Liow_Tiong_Lai

Malaysia is investing heavily in transport logistics infrastructure in its bid to become the preferred e-commerce gateway in Asia.

Ttoday at the FIATA World Congress in Kuala Lumpur, Minister of Transport Dato Sri Liow Tiong Lai (pictured) said Malaysia’s Digital Free Trade Zone (DFTZ) would create long-needed disruptive innovation for the logistics industry.

Jointly established with Chinese e-commerce giant Alibaba and located at Kuala Lumpur International Airport (KLIA), the DFTZ comprises a 17.5ha e-fulfilment hub, a 500,000sq ft Satellite Services Hub in Bandar Malaysia’s Kuala Lumpur Internet City and a virtual e-services platform.

“The DFTZ is a special trade zone designed to promote the growth of e-commerce and to capitalise on the exponential growth of the internet economy, making Malaysia the regional fulfilment hub for ASEAN consumers,” said Mr Lai.

“It will serve to facilitate seamless cross-border trade and enable local businesses, especially SMEs, to export their goods easily with the help of leading fulfilment service providers.”

The DFTZ will complement the KLIA Aeropolis, an airport city development of more than 9,000 acres.

“All four of the major integrators and 20 of the world’s top-25 freight forwarders have operations at KLIA Aeropolis. It will be our gateway for South-east Asia, with connectivity of over 1,250 weekly flights within the region,” added Mr Lai.

Alibaba’s logistics arm, Cainiao, is investing Rmb500m ($118m) to set up a 60-acre e-commerce hub within KLIA Aeropolis. Last month Alibaba took majority ownership of Cainiao and announced plans to invest Rmb100bn ($15bn) in its global logistics network over the next five years.
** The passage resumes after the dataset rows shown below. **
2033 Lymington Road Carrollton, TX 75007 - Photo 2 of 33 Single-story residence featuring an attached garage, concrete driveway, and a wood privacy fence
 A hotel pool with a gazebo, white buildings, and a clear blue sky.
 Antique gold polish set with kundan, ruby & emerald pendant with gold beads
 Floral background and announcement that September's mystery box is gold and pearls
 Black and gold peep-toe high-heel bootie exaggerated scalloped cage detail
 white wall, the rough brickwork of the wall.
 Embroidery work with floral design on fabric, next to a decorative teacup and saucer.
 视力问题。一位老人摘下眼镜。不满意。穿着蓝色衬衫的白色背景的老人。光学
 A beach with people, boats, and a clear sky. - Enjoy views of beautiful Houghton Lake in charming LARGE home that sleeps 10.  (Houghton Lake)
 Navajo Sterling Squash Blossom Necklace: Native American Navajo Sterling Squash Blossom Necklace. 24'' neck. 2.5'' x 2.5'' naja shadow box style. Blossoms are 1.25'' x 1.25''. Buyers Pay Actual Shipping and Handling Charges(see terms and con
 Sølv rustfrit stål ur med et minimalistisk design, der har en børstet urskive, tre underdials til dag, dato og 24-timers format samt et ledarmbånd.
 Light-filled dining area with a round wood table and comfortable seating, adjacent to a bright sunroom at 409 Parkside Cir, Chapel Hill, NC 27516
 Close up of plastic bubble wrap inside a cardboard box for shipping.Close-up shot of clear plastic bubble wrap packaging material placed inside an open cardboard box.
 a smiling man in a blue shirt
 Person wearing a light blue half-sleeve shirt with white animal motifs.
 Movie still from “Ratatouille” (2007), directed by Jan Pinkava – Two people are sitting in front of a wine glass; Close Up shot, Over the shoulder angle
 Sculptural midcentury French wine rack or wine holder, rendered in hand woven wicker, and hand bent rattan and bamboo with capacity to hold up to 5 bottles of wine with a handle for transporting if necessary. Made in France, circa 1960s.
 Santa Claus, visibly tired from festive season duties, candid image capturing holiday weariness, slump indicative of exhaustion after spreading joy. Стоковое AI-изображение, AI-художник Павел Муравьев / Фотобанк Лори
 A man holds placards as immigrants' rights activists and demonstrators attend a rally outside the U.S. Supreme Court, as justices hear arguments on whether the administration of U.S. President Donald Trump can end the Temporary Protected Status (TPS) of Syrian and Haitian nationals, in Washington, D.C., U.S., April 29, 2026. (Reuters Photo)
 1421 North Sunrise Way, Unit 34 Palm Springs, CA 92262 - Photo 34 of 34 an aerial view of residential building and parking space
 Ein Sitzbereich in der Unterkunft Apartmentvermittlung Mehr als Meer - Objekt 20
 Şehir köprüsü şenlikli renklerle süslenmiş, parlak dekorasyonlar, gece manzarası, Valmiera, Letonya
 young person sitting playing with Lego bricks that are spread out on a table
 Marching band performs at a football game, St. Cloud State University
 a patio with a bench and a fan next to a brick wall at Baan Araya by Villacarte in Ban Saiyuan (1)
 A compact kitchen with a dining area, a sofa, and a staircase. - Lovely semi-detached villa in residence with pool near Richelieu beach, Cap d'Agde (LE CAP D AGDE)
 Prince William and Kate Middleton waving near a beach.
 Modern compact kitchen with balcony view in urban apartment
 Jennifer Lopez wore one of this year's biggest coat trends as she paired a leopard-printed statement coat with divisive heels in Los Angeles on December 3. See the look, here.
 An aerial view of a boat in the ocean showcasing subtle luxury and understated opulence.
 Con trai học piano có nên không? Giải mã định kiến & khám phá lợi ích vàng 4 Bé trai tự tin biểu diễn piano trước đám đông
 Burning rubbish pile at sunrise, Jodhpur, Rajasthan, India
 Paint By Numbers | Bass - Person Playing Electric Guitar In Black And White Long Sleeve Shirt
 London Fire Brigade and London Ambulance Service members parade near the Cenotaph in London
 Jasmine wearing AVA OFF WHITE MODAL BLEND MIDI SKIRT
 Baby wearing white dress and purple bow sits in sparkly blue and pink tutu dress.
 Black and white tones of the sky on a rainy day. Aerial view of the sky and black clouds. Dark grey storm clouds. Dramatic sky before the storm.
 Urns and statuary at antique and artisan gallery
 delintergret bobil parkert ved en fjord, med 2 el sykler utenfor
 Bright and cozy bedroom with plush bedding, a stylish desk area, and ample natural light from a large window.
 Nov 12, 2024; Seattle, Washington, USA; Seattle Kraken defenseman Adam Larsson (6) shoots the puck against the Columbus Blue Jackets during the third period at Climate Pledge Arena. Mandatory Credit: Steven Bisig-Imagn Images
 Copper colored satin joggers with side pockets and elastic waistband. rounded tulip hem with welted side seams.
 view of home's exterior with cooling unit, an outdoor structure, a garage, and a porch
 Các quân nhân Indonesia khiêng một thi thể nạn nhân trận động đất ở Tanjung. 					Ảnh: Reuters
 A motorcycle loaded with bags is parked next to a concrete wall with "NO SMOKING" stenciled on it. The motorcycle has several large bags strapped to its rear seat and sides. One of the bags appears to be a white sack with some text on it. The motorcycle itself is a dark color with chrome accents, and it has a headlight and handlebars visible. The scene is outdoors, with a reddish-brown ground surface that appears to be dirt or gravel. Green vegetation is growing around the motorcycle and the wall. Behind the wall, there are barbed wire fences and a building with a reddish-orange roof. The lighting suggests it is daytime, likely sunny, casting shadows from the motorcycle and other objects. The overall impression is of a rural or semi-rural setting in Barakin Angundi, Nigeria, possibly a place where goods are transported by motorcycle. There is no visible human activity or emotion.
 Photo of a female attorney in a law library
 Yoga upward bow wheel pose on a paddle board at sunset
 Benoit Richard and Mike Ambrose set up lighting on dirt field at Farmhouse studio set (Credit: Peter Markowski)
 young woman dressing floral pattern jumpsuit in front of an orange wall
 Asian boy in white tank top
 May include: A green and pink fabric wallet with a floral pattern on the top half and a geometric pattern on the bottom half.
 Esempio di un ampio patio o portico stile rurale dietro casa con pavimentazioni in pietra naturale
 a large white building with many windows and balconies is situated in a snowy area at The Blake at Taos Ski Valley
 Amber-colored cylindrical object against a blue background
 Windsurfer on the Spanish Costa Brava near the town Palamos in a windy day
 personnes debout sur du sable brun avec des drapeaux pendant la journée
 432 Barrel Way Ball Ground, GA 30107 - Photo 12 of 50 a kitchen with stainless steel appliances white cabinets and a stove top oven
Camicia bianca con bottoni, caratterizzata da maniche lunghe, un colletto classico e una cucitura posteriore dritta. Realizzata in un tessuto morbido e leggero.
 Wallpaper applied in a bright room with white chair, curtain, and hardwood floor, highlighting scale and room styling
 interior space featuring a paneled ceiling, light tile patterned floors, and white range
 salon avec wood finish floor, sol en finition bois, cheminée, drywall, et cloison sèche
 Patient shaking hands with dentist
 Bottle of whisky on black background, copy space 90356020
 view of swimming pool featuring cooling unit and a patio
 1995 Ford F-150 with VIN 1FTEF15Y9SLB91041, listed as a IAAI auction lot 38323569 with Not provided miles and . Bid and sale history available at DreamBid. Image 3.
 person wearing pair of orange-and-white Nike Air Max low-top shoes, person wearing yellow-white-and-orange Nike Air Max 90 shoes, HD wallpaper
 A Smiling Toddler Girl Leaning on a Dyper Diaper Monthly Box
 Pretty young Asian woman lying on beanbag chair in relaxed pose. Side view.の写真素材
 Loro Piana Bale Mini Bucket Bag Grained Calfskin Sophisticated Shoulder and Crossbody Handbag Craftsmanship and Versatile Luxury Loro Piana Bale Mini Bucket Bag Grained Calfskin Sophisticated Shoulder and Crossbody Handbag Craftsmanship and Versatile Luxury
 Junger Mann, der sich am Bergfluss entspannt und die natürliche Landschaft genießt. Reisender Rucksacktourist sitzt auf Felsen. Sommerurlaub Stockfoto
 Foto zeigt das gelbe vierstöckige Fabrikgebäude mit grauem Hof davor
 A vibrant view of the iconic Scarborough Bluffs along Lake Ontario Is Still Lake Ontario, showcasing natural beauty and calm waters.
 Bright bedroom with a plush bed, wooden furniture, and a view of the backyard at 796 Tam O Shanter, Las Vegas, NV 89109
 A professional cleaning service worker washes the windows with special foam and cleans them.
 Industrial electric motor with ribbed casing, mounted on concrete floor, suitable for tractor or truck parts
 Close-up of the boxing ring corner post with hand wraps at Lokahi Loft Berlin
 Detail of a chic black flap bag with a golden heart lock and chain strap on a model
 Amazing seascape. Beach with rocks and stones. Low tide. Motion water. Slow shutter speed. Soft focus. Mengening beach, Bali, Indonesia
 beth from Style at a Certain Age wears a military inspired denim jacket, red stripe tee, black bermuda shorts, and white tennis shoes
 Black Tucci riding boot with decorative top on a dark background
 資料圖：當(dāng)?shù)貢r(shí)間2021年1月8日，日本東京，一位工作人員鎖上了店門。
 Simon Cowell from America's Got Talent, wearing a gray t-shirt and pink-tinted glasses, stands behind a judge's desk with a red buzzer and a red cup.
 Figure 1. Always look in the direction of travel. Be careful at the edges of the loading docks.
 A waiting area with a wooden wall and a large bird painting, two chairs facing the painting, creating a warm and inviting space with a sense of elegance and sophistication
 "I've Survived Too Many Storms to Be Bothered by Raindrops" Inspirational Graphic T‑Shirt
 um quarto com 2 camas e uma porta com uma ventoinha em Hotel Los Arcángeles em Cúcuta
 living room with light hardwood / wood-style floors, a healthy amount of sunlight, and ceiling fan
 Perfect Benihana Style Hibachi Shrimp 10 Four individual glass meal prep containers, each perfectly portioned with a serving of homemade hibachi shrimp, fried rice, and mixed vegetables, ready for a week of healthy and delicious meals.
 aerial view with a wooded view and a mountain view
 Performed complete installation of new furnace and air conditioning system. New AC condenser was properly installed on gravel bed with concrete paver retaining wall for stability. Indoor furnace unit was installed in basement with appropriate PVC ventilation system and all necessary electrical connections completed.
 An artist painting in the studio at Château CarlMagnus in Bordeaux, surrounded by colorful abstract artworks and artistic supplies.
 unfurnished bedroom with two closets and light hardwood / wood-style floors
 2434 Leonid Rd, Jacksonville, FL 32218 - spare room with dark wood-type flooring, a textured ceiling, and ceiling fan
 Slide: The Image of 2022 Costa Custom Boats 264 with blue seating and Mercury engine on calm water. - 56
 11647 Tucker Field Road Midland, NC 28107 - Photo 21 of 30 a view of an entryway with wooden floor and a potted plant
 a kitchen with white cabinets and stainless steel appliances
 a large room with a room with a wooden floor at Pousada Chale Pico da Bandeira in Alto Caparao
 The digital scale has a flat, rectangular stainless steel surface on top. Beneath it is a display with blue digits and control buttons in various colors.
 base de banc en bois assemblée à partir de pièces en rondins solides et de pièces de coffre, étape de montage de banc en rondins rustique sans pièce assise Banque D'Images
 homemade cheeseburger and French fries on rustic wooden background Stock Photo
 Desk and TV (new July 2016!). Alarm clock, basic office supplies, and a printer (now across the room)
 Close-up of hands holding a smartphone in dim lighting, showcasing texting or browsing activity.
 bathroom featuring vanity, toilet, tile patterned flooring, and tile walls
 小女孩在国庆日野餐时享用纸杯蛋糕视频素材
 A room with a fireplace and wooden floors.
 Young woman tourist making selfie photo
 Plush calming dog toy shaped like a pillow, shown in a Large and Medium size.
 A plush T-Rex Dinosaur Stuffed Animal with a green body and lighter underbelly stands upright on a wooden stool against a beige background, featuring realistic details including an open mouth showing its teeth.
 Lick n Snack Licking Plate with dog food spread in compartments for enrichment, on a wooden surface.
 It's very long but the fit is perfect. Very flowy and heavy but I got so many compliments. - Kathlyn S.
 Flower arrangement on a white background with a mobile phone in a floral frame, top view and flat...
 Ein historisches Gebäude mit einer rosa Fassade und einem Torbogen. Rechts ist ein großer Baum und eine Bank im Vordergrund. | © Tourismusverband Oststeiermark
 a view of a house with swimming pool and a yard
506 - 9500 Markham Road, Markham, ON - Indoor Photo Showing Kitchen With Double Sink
In an interview with The Loadstar, Mr Lai said although Alibaba was instrumental in setting up the DFTZ, this would not exclude other e-commerce players from joining the initiative.

 

“Jack Ma was the one who gave us the idea for the DFTZ last year. Our Prime Minister quickly responded and we launched it in March and it will be ready by November.

“A lot of people are worried that Alibaba will stop other players coming in and reduce the local benefits. But we want everyone to come; we welcome Amazon and other players because Jack Ma is not coming here to create a monopoly but to help the local SME companies to grow in this digital era.”

Meanwhile, Malaysia’s other logistics infrastructure investments include a flurry of port and rail projects.

The key railway project is the recently launched East Coast Rail Link, connecting Port Klang with Kuantan port on the east coast. Officials claimed the project could result in 53m tonnes of cargo bypassing Singapore annually by 2030.

Port investments include the third terminal of Port Klang in Carey Island, the new Malacca gateway port, the re-development of Sepanggar port in Kota Kinabalu and the development of a new mega-port in Kuantan.

Despite the new ports in the pipeline, Mr Lai said he was not concerned about potential overcapacity.

“Before the government approves any port we want to see the potential, and who are they are working with, so there won’t be any worries about white elephants.

“For example, with Kuantan deepsea port, there are already players coming in and already customers booking berths, so we know how many teu will be there in the first year and the second year.

“We’re confident that all the ports being built will bring the country economic growth,” he told The Loadstar.